Additionally, I add an ESLint rule that bans console.log in production builds. The rule is simple:
"no-console": ["error", { "allow": ["warn", "error"] }]
When a student forgets to remove a debug statement, the lint step fails, encouraging a habit of clean logs. This small cultural push translates into clearer monitoring data once the service runs in the cloud.
DevOps Basics Every Student Should Master
Terraform became my go-to for managing AWS resources across dev, staging, and prod environments. I create a workspace per environment, which isolates state files and prevents accidental credential leaks. The command terraform workspace select dev switches context before applying changes.
Role-based access control (RBAC) in GitHub protects the main branch. I set the branch protection rules to require at least two approving reviews and disallow direct pushes. This mirrors real-world corporate policies and forces students to collaborate on pull requests.

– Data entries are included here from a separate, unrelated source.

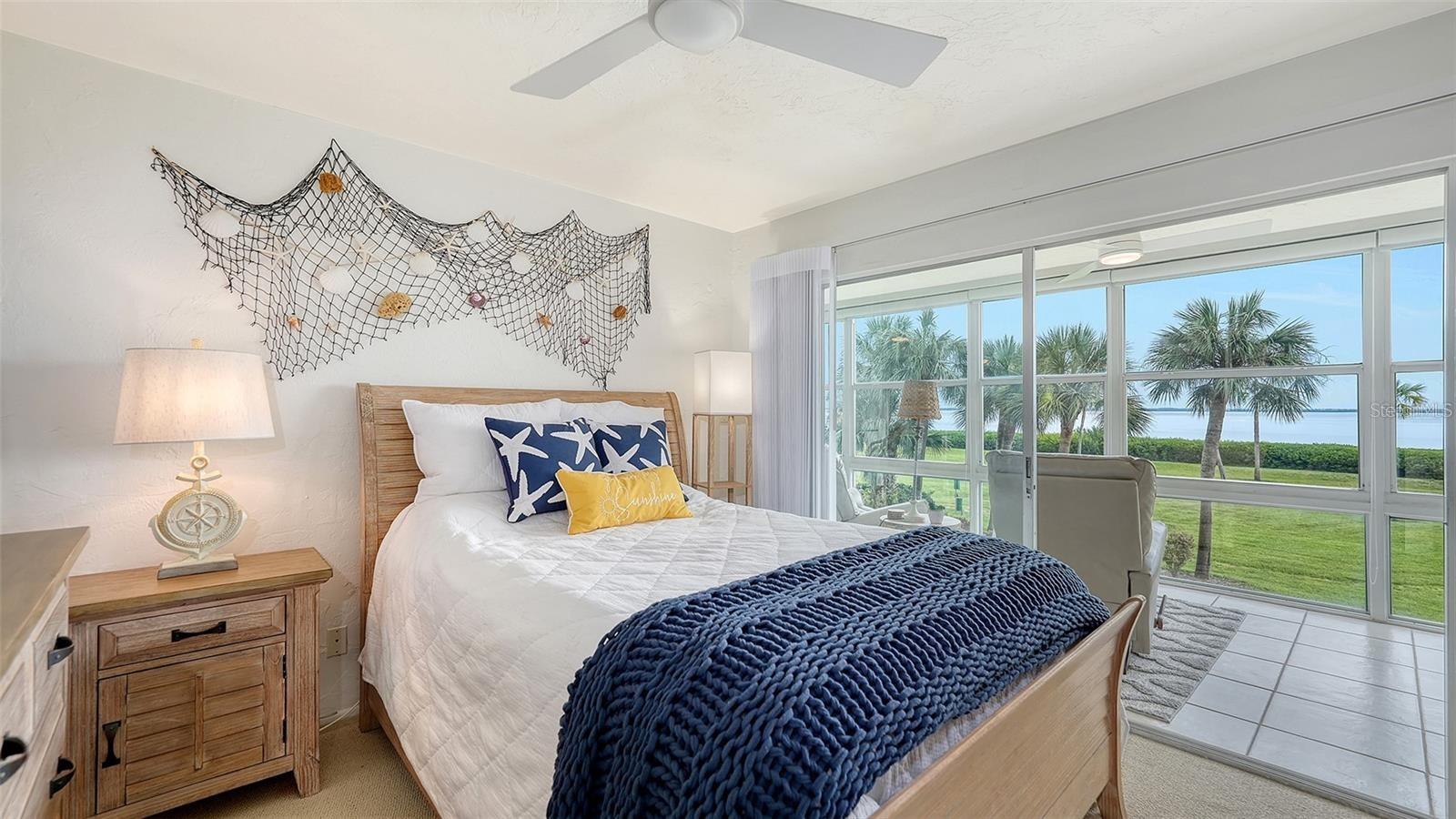 4600 GULF OF MEXICO DR #202, LONGBOAT KEY, FL, 34228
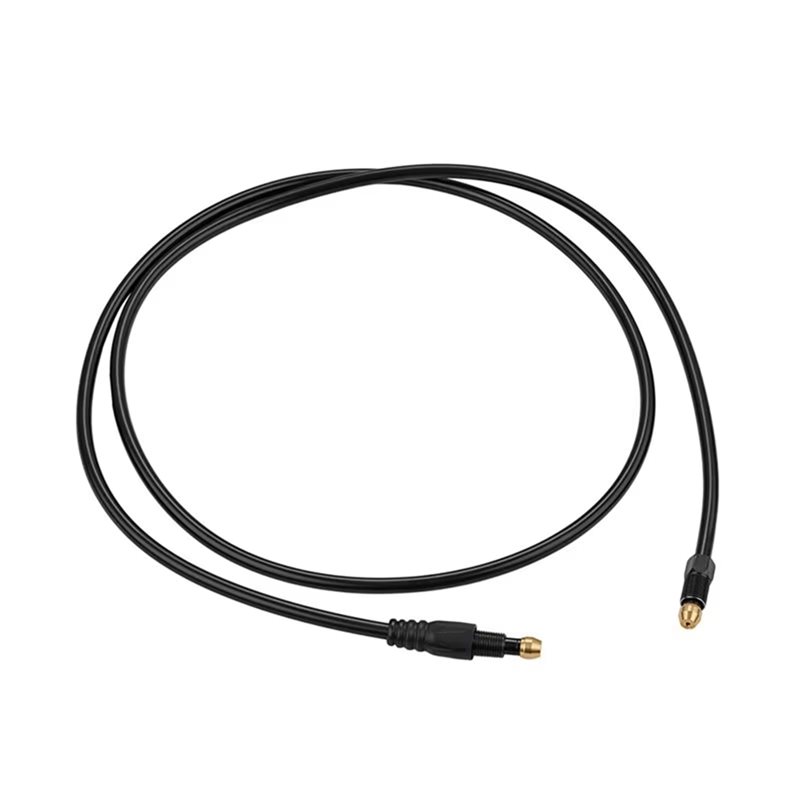 Manguera de freno para bicicle - Brake Line Motorcycle reseña y precio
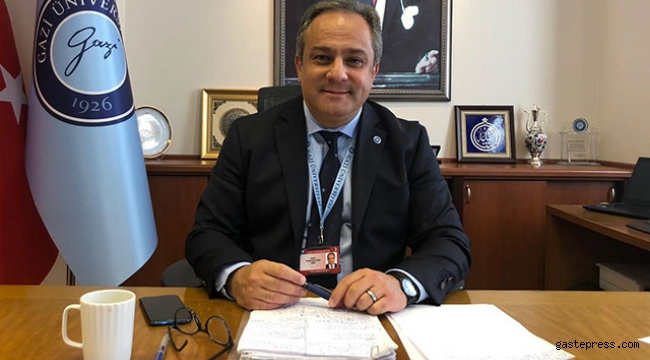 '65 yaş altı kronik hastalar da zatürre aşısı yaptırmalı!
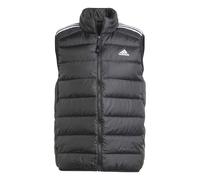 Plumífero adidas Essentials XL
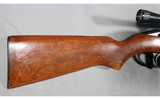Winchester ~ 1200 ~ 12 Gauge - 3 of 10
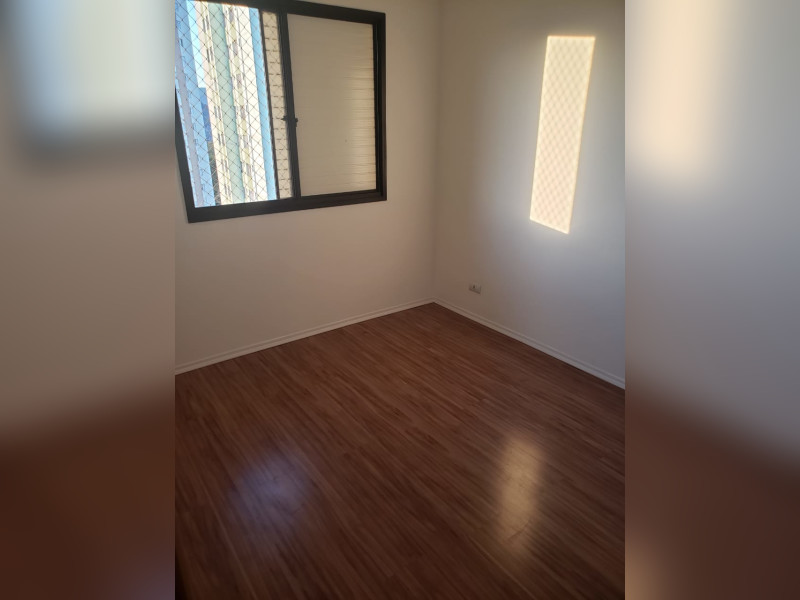 Apartamento à venda Vila Cavaton com 60m² e 2 quartos por R$ 325.000 - whatsapp-image-2020-07-05-at-62244-am-1.jpeg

Tagging releases with semantic versioning and the student’s name makes the repo a living portfolio. A tag like v1.2.0-alice creates a GitHub release artifact that points to the exact Docker image version deployed to ECR. Recruiters can verify the commit history and the associated cloud image.
These fundamentals - Infrastructure as Code, RBAC, and versioned releases - are the building blocks that let a classroom project scale to a professional showcase.

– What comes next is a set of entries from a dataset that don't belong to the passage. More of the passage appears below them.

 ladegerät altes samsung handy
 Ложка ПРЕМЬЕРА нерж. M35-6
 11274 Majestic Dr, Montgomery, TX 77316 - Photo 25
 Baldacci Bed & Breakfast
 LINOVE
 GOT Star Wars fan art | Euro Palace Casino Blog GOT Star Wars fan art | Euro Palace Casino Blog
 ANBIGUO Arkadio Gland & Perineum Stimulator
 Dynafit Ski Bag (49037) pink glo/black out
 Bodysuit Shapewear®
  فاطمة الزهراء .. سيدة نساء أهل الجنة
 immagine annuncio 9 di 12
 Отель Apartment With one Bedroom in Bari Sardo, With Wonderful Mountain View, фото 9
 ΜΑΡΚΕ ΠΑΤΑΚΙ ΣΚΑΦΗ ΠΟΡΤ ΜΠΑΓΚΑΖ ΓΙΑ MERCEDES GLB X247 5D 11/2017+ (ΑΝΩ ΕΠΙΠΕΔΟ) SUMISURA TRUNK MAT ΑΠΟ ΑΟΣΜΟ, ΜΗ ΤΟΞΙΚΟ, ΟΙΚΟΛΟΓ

Crafting Cloud-Native Architecture for Show-Stopping Projects
To demonstrate horizontal scaling, I split the monolith into two services: a front-end API running on AWS Fargate and a background worker deployed as a Lambda function. The API handles HTTP traffic, while the Lambda processes image uploads asynchronously.
AWS EventBridge ties the services together. When the API publishes an ImageUploaded event, EventBridge routes it to the Lambda, which then stores the file in S3. The event-driven design reduces coupling and provides an audit trail visible in the EventBridge console.
Observability is critical for a portfolio. I configure CloudWatch dashboards that surface latency, error rates, and CPU usage per task. The dashboard includes a widget that shows the number of invocations for the Lambda, proving that the event pipeline is active.
All these pieces - Fargate, Lambda, EventBridge, and CloudWatch - are defined in Terraform modules, so the entire stack can be spun up with a single terraform apply. The result is a production-grade architecture that students can claim as “data-driven delivery” in interviews.
Frequently Asked Questions
Q: How long does it really take to set up the GitHub Actions workflow?
A: For a basic Node or Python project, writing the YAML file and adding a test step takes about 15-20 minutes. The rest of the time is spent on configuring cache keys and optional code-quality actions.
Q: Do I need to know Docker to use Elastic Beanstalk?
A: A minimal Dockerfile is enough. Elastic Beanstalk builds the container image from that file and handles networking, scaling, and health checks, so you don’t have to manage the Docker runtime yourself.
Q: Can the coverage threshold be adjusted for different projects?
A: Yes. The workflow snippet can read an environment variable like COVERAGE_MIN=80 and compare the generated report against it, allowing each project to set its own quality bar.
Q: What is the advantage of a blue-green deployment for a student portfolio?
A: It provides zero-downtime releases and a clear rollback path. Recruiters can see that the project uses industry-grade deployment strategies rather than a simple overwrite.
Q: How does Terraform help avoid credential leaks?
A: By storing secrets in encrypted state files and using separate workspaces, Terraform isolates dev, staging, and prod environments, reducing the risk of committing keys to a public repo.